The South of the County is like a horseshoe stretching around Donegal Bay. The Bay washes the shore from Sliabh a’Liag to Bundoran, and the Croaghs or Bluestack mountains act as a granite boundary to the north, ending in Barnesmore (the "Great Gap") the gateway between north and south Donegal. The massive Sliabh a’Liag peninsula with the highest sea cliffs in Europe is the western boundary, while the Gweebarra river is the boundary with the Rosses and Northwest Donegal.
The land in the barony of Tirhugh - between Donegal Town and Ballyshannon - is good farming land, although the south west of the county contains extensive areas of rough pasture and upland bog as well as many lakes and inlets.

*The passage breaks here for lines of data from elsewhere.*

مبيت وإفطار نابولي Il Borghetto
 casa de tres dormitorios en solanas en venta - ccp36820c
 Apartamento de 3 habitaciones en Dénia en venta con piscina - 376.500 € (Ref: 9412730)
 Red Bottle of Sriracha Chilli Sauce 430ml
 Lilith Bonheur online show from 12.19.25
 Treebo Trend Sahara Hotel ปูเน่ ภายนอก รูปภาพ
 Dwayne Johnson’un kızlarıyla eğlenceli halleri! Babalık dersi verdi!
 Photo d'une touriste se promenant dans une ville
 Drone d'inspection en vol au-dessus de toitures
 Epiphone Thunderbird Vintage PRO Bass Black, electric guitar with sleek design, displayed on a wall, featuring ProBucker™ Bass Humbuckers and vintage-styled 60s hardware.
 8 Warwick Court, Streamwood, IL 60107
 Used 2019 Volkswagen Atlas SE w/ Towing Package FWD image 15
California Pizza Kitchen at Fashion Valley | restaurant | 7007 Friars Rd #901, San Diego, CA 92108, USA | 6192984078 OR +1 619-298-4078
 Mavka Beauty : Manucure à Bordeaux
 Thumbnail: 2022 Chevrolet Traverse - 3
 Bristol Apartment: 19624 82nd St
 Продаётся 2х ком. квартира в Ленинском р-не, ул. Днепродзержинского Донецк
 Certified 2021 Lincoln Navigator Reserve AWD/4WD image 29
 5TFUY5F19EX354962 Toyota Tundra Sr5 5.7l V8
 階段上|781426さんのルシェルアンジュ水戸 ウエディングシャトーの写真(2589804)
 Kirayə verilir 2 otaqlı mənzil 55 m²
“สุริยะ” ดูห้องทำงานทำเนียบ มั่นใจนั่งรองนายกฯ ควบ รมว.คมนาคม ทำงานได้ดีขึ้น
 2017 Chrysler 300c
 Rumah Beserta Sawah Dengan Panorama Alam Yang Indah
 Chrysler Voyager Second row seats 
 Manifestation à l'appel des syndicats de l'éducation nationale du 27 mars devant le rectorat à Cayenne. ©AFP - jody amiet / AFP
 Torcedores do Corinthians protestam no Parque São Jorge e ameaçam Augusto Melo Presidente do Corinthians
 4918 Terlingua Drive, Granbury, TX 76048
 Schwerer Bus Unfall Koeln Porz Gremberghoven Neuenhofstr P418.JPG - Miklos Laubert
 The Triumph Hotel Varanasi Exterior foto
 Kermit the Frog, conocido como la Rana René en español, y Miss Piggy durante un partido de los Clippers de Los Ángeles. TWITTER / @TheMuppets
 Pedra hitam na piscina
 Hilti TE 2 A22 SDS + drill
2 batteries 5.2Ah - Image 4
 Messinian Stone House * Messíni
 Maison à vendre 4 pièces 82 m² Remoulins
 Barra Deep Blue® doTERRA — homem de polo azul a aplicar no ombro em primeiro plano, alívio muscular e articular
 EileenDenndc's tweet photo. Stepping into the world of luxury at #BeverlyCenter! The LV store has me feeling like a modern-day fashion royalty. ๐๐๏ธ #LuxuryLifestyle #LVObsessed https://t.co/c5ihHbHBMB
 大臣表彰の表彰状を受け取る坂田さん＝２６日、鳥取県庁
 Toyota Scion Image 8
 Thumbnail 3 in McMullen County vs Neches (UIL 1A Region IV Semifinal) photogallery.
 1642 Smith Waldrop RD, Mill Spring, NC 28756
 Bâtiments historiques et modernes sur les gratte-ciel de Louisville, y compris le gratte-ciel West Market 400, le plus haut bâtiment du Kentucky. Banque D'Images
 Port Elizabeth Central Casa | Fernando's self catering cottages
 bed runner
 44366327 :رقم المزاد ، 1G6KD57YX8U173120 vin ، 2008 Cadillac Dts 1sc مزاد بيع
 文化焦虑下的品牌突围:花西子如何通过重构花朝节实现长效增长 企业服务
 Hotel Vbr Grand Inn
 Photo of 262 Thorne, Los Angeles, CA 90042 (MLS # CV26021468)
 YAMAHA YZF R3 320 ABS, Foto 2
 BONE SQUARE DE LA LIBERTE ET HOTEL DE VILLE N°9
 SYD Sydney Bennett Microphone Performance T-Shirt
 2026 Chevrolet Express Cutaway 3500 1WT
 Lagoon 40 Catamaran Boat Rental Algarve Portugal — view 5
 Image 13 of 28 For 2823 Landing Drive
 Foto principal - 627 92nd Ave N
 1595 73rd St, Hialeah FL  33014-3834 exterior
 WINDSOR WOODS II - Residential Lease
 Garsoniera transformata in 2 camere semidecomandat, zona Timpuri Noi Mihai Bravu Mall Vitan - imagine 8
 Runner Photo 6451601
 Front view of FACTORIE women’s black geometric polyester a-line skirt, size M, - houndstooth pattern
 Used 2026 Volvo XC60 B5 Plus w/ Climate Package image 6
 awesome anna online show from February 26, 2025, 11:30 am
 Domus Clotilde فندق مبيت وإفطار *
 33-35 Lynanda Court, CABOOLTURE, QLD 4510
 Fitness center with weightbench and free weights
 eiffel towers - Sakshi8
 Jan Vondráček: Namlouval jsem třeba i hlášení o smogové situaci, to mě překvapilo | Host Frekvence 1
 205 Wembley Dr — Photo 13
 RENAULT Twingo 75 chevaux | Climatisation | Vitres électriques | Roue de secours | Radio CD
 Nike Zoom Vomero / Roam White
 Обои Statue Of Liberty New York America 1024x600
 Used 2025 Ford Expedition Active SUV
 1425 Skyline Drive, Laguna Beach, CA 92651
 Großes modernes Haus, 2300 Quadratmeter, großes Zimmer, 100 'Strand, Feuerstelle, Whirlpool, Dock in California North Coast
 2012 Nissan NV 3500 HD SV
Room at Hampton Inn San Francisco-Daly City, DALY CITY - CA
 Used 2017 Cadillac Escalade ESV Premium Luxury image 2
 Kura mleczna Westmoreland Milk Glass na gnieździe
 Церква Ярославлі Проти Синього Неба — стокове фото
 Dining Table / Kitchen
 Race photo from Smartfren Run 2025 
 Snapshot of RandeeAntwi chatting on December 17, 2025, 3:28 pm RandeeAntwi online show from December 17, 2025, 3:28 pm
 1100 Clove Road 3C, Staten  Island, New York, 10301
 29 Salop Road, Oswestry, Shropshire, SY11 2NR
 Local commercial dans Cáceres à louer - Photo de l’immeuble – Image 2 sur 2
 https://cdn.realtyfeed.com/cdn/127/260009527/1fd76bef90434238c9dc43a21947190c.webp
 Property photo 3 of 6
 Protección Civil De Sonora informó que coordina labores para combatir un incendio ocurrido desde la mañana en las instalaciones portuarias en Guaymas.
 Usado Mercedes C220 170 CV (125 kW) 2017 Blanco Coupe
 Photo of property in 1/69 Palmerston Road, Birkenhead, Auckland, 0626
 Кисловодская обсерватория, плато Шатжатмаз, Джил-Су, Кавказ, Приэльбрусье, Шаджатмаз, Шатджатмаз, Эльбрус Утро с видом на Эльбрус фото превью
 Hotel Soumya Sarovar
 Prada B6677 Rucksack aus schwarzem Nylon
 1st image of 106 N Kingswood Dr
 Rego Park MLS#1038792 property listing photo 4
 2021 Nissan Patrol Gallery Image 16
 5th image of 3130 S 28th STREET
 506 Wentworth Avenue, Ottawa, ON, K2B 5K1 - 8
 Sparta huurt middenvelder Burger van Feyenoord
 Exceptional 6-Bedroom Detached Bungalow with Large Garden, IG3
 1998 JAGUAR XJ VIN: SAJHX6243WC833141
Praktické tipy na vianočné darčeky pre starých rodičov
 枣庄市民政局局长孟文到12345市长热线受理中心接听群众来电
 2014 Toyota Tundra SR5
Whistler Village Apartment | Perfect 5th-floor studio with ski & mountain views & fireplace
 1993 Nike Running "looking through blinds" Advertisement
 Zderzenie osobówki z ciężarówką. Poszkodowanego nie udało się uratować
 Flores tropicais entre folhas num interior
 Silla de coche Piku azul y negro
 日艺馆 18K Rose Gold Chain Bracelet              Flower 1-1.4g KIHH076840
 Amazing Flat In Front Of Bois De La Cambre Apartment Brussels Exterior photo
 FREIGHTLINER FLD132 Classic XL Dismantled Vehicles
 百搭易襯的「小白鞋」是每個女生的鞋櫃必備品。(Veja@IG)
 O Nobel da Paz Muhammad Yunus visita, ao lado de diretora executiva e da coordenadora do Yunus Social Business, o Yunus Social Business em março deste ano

The fertile area has been farmed since the early historic period, although archaeological evidence suggests that it was not settled in the Neolithic and Early Bronze Age era, perhaps because it was so extensively forested at the time.
The many small lakes are a feature of that part of south Donegal surrounding Lough Derg and adjoining Fermanagh. Lough Derg has been a centre of pilgrimage for centuries, and in medieval times was the only place in Ireland which most Europeans would have heard of. One can easily see why people believed that this barren area, with its thin blanket bog covering metasedimentary rocks, led to the gates of Purgatory. The original forests of the area have almost entirely vanished, but as late as the early 1600s there was significant afforestation in the South of the County. Dr. Eileen McCracken, in her study of the woodlands of Donegal, found that the area around Donegal Bay from Ballintra west to Killybegs was covered by trees, as was the area between Ardara, Glenties and Narin. The River Eske valley up to Lough Eske, well inland from the coast, and the area to the west of Lough Derg were also heavily forested.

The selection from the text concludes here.